Managing Our Tertiary Consumers: Inviting Them to the Garden, While Minimizing Damage to Crops

Birds and mammals are often seen as a nuisance in the garden. Birds will peck off all of your berries just as they ripen. Rabbits can quickly destroy ground level crops, and squirrels will devour beautiful tomatoes before they ever make it to the kitchen. Moles will dig tunnels and occasionally push carrots up out of the ground. Deer will trample and obliterate everything in their path in a single night.

While these critters have destructive tendencies, they also benefit the garden if we can manage them effectively. The first step is evaluating and observing the pest pressure in your area. We have a high density deer population here, but less problems with voles and raccoons. Your situation will likely be different, so understanding your particular challenges will help you determine the best ways to deal with it.

Totally excluding these animals isn't always the best answer, however. For example, letting rabbits and deer in during the dormant winter season will allow them to deposit manure. Moles have a bad reputation, but they are actually quite beneficial as they aerate the soil and eat grubs and other insects while generally leaving crops alone. Birds can also put a dent in pest populations like squash bugs and caterpillars.

Fencing & Netting - Using physical barriers to keep crops safe is one of the most effective ways to do it. These can be temporary or permanent solutions.

Build Habitat & Food Sources - Providing more appealing habitat elsewhere can relieve some of the pressure from critters. Try planting a prairie strip, placing a bird feeder and bird bath or brush pile away from the garden.

Using Livestock to Mimic Nature - In the off season, we will allow chickens to roam our orchard and gardens to aerate soil and deposit manure. We do this in a controlled manner to make sure the manure is fully broken down before the next planting season. Another approach we plan to use in the future is using ducks to control insects. They will typically leave mature plants alone while eating slugs and other pests. You would not allow them free access all the time, only when it would be beneficial, as they definitely can eat plants if left alone for too long!

Beyond Biology: Yield Maximizing Techniques

Let's step away from the soil for a moment, though that really is the most foundational part of growing an abundance of nutrient dense vegetables.

Succession planting is absolutely critical if you want to optimize the amount of veggies you can grow in a season. This technique really could have it's own blog post, but I'll at least explain the premise of it here with an example.

Let's use the example of lettuce. It is a fast growing crop, but does not store for more than about a week in the refrigerator, so it wouldn't make sense to grow many heads at the same time. And, most varieties don't grow well in the heat of summer. So, to maximize the amount of lettuce we will have to eat, we need to plant multiple small successions in spring and fall when temperatures are cooler. This means planting seeds about every 2 weeks for a continuous harvest.

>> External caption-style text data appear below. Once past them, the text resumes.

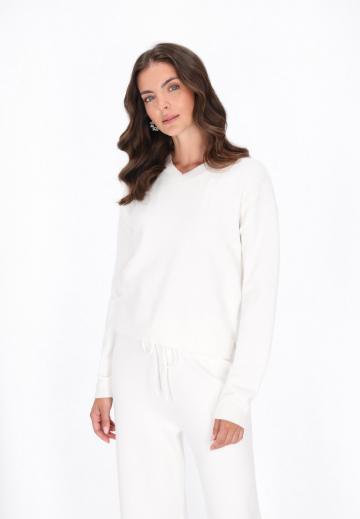 Пуловер с вырезом V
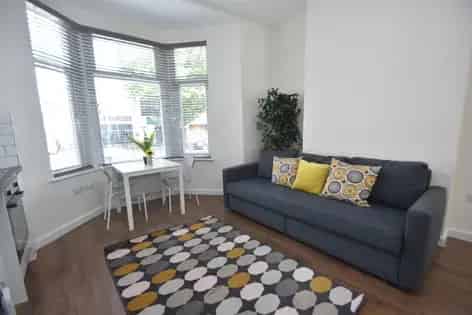 1 Room Flat Cardiff Student Year 2025 26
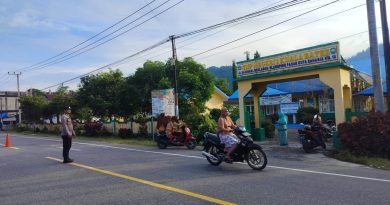 Guna Terciptanya Kamseltibcar Lantas Bagi Anak Sekolah dan Pengguna Jalan, Pesonel Polsek Kuala Bate Polres Abdya Gelar Strongpoint dan Gaturlalin di depan Sekolah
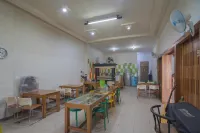 RedDoorz Near Gajah Mada Pontianak Hotel a Benua Melayu Darat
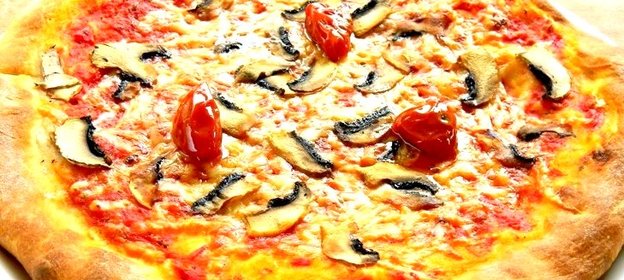 Пицца с шампиньонами и помидорами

Variety selection is an overlooked part of gardening. When you buy seeds at big box stores, you are usually limited to common vegetable varieties that may or may not be well adapted to your climate and the information on the packet is minimal.

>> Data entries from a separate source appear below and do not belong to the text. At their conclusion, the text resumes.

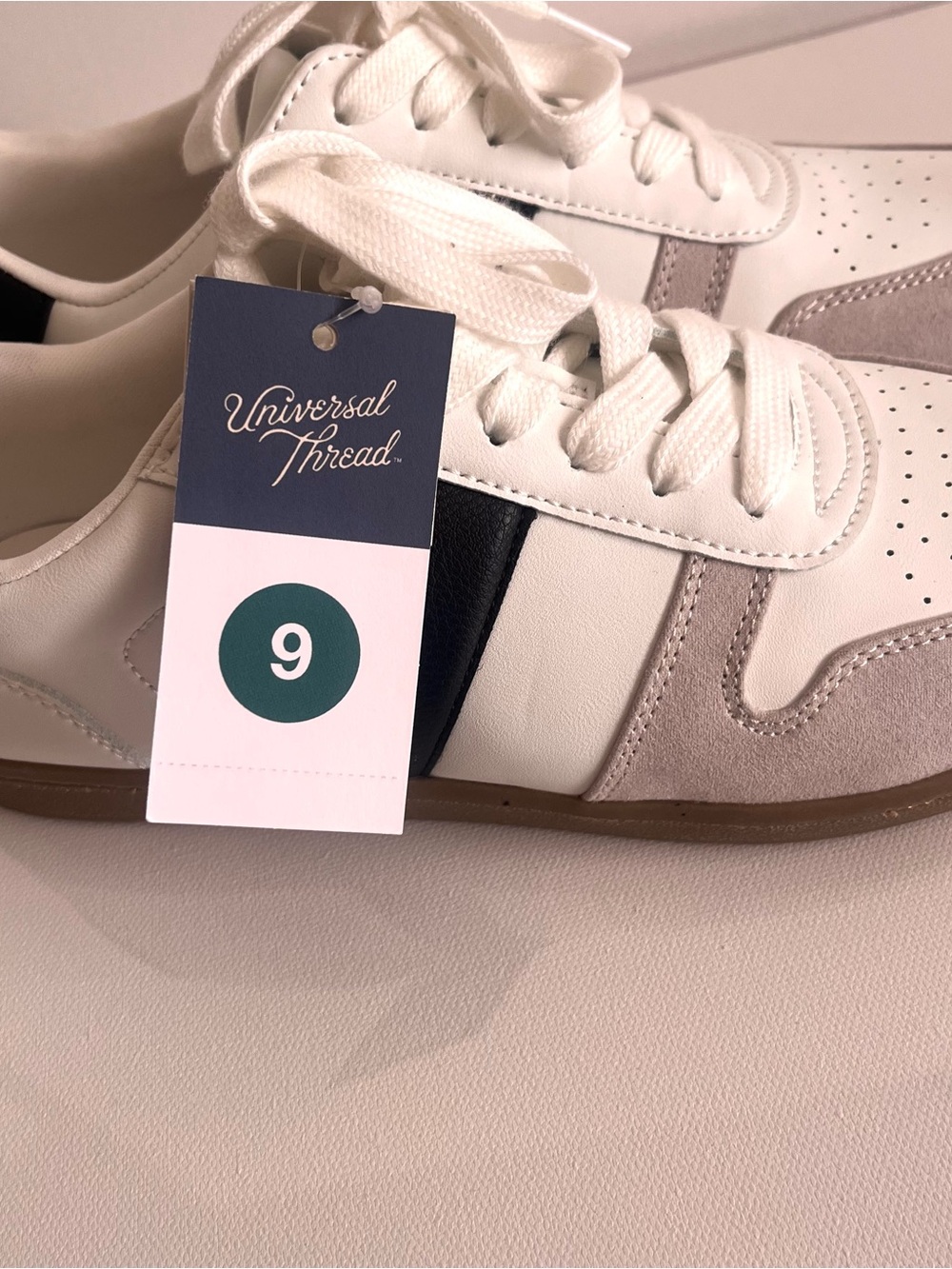 Universal Thread™ Size 9 Women’s Nikita Fashion Sneakers w/ Memory Foam Insole - Picture 14 of 15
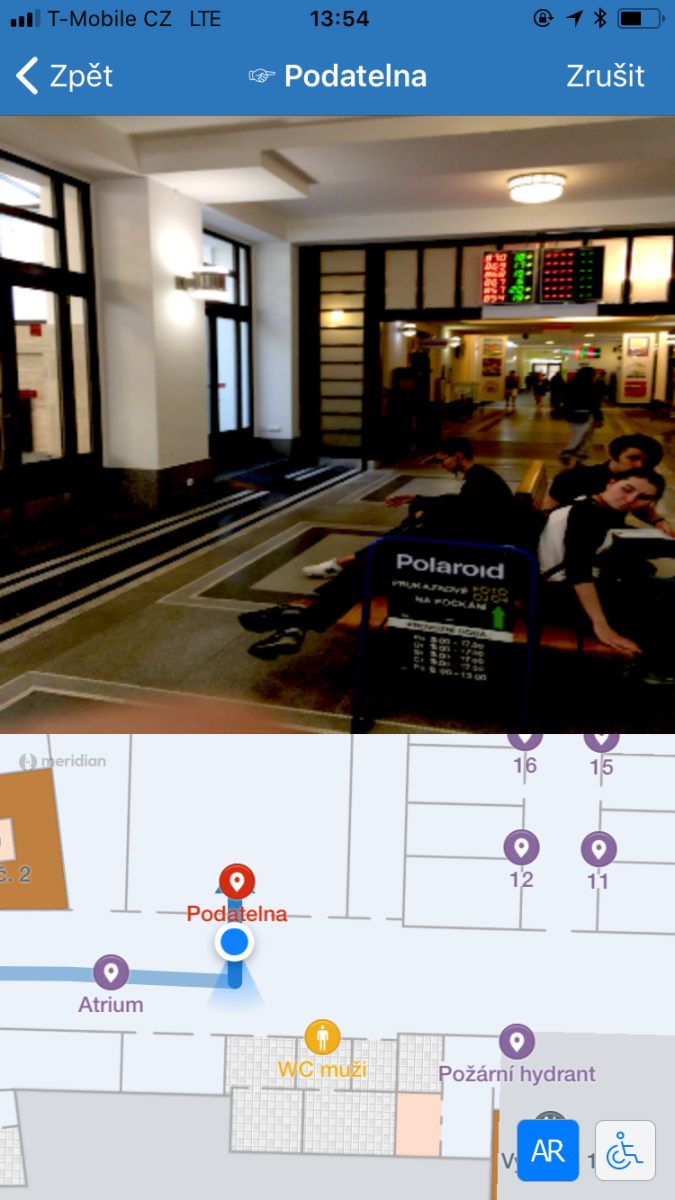 Škodův palác a Smart City: Navigace pomocí beaconů a mobilu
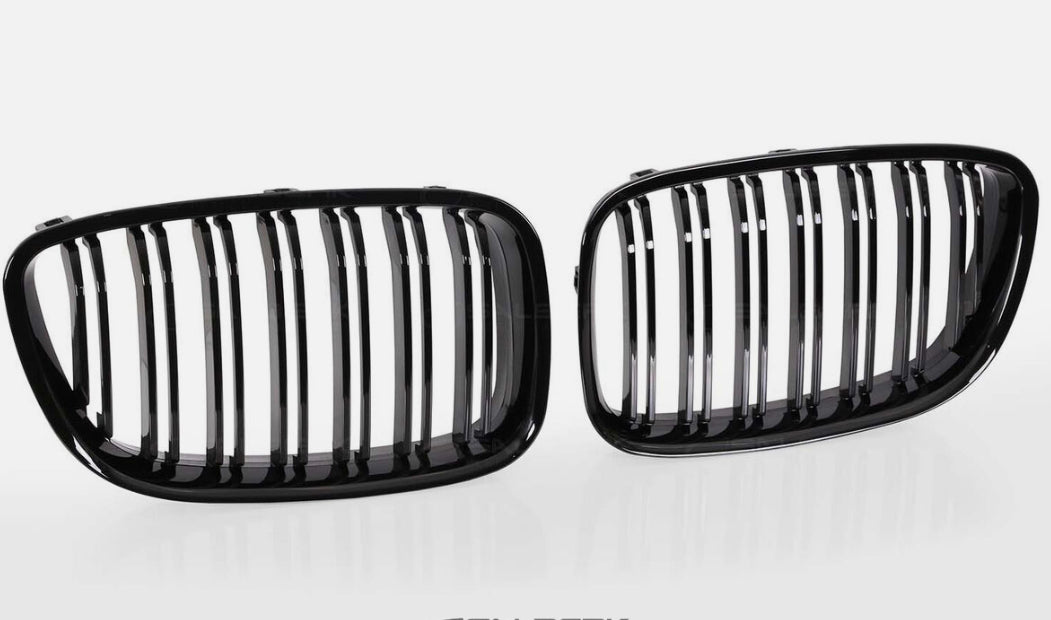 BMW 5 SERIES GT F07 M PERFORMANCE LOOK GLOSS BLACK FRONT KIDNEY GRILLES GRILLS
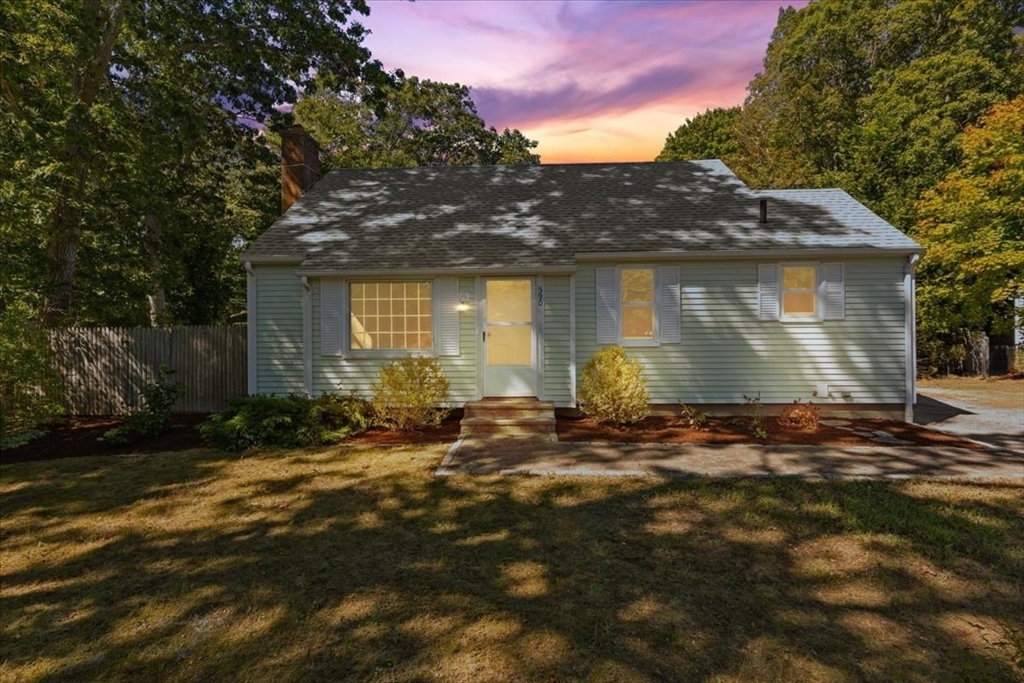 590 Sandwich Rd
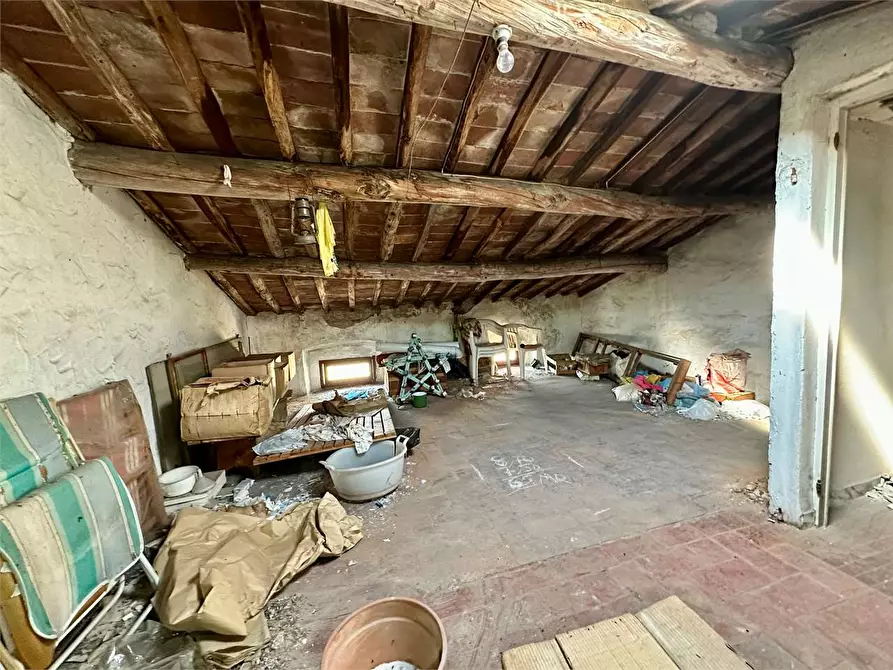 Immagine 28 di Porzione di casa in vendita  in via picciorana a Lucca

Say you were to pick up some onions seeds that you like the look of. You start the seeds indoors and they grow into little plants. You plant them out in spring and wait to see a big onion bulb... but it never happens. It turns out the onions you are trying to grow are a short-day variety, but you live in the northern US and really needed a long-day variety!

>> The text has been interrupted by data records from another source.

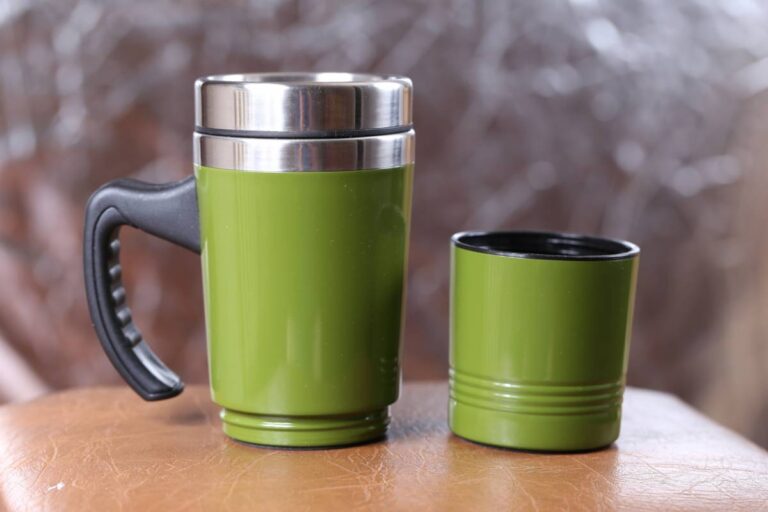 Mug isotherme adapté au bureau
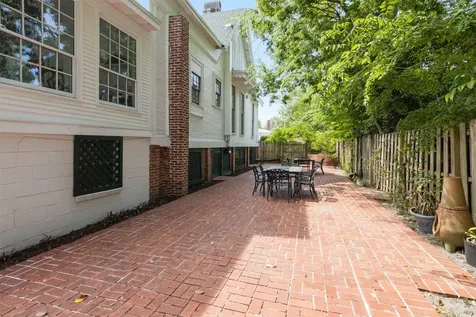 327 S 7 Th Street Fernandina Beach FL 32024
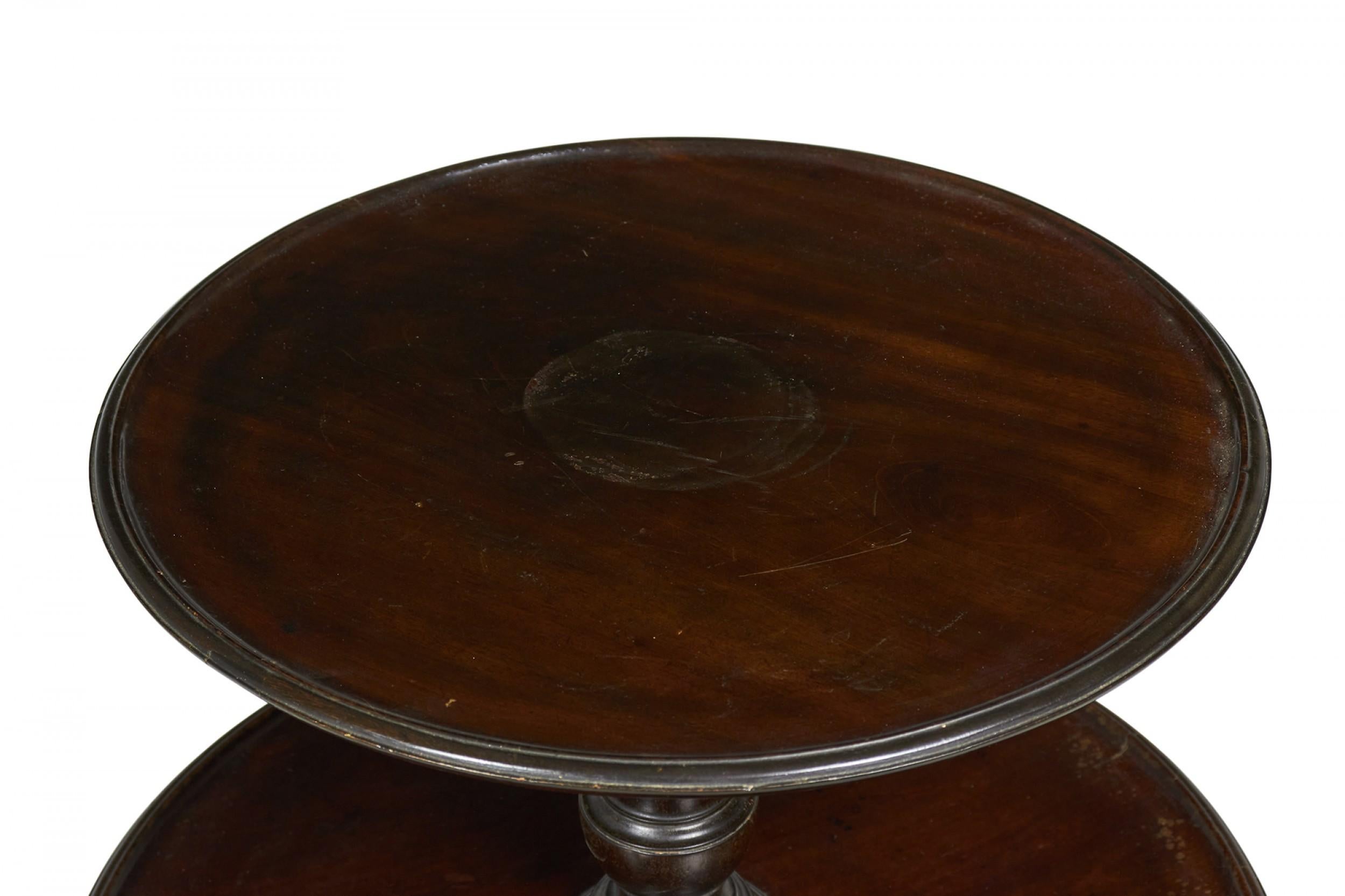 Table circulaire à 3 niveaux en acajou de style Queen Anne Bon état - En vente à Queens, NY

Select seeds from reputable retailers that can give you information on ideal climate and growing zones, disease and pest resistance, and any other special considerations.

 

In Conclusion...

These are the essentials to growing food in step with nature. There will never be a product in a bottle that can replace understanding soil health and respecting that your garden is connected to the broader ecosystem . Using these techniques will not only help you grow more and better food, but benefit everything around you by reducing soil erosion, sequestering carbon from the atmosphere, and filtering water before it makes it to our drinking water sources.